Some embodiments provide a method of placing a plurality of landmarks in a worksite for use in locating a system in the worksite, the method including: for each of a plurality of positioning devices, placing the positioning device at a location in the worksite with an alignment spike of the positioning device contacting a point on a surface on which the positioning device is placed; configuring a rotational position of one or more retractable legs of the positioning device; placing a landmark on the positioning device.

In some embodiments, In some aspects, the techniques described herein relate to a method, wherein configuring the rotational position of the one or more retractable legs of the positioning device includes extending the one or more retractable legs from a base of the positioning device.

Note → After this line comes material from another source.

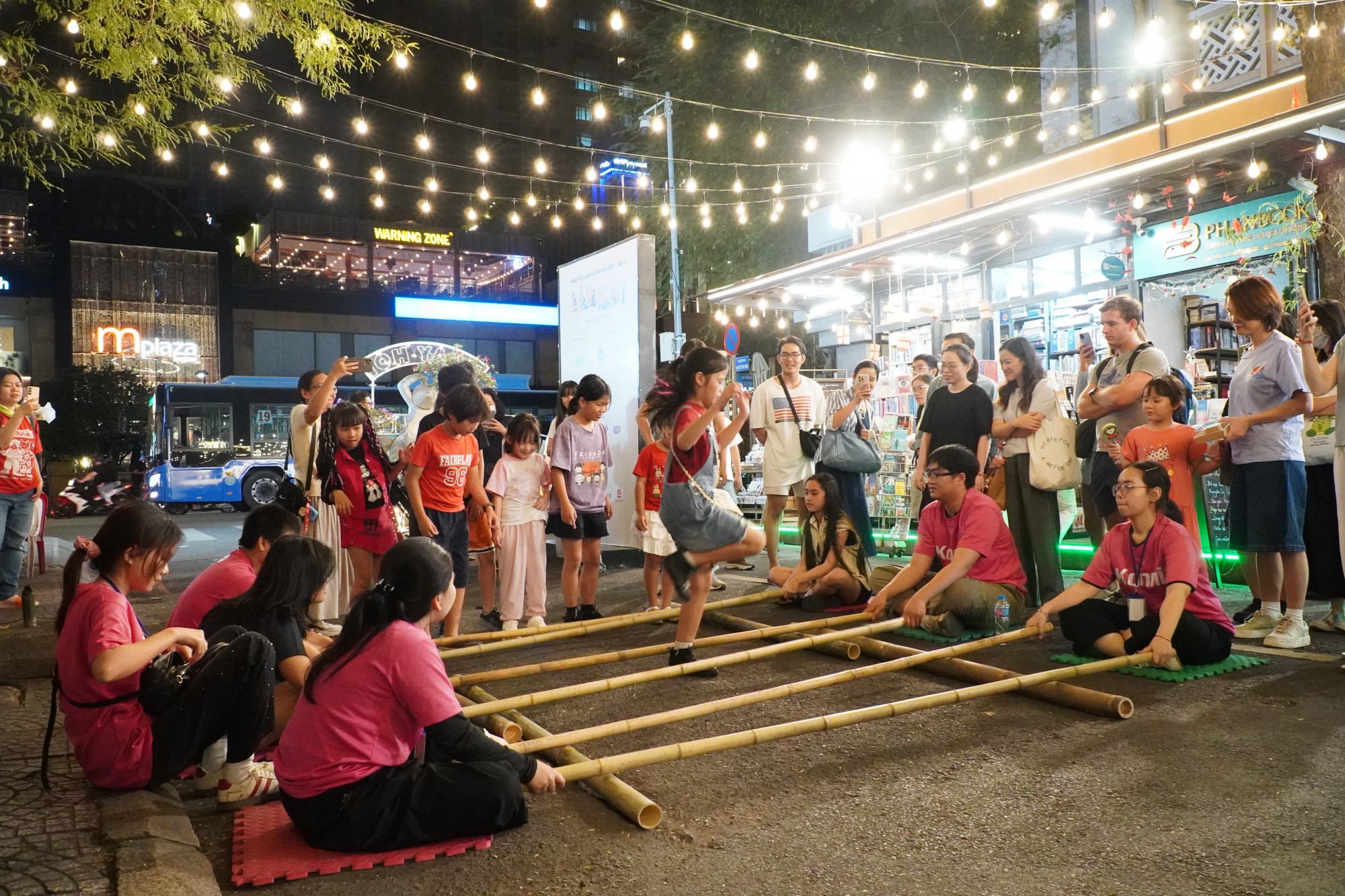 Ng&agrave;y hội Văn h&oacute;a đ&ecirc;m lần 2 vừa được tổ chức trong những ng&agrave;y đầu năm mới - Ảnh: Đường s&aacute;ch TPHCM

In some embodiments, configuring the rotational position of the one or more retractable legs of the positioning device includes configuring the one or more retractable legs into a folded position in which the one or more retractable legs are folded into a recess of a base of the positioning device.

In some embodiments, the method further includes: for a first one of the plurality of positioning devices, adjusting a position of a foot of the first positioning device relative to a respective leg of the first positioning device. In some embodiments, adjusting the position of the foot relative to the respective leg includes using a thumbscrew to adjust the position of the foot relative to the respective leg.

Various aspects of the present disclosure may be used alone, in combination, or in a variety of arrangements not specifically discussed in the embodiments described in the foregoing and is therefore not limited in its application to the details and arrangement of components set forth in the foregoing description or illustrated in the drawings. For example, aspects described in one embodiment may be combined in any manner with aspects described in other embodiments.

Also, the embodiments described herein may be embodied as a method, of which an example has been provided. The acts performed as part of the method may be ordered in any suitable way. Accordingly, embodiments may be constructed in which acts are performed in an order different than illustrated, which may include performing some acts simultaneously, even though shown as sequential acts in illustrative embodiments.

Further, some actions are described as taken by a “user.” It should be appreciated that a “user” need not be a single individual, and that in some embodiments, actions attributable to a “user” may be performed by a team of individuals and/or an individual in combination with computer-assisted tools or other mechanisms.

While the present teachings have been described in conjunction with various embodiments and examples, it is not intended that the present teachings be limited to such embodiments or examples. On the contrary, the present teachings encompass various alternatives, modifications, and equivalents, as will be appreciated by those of skill in the art. Accordingly, the foregoing description and drawings are by way of example only.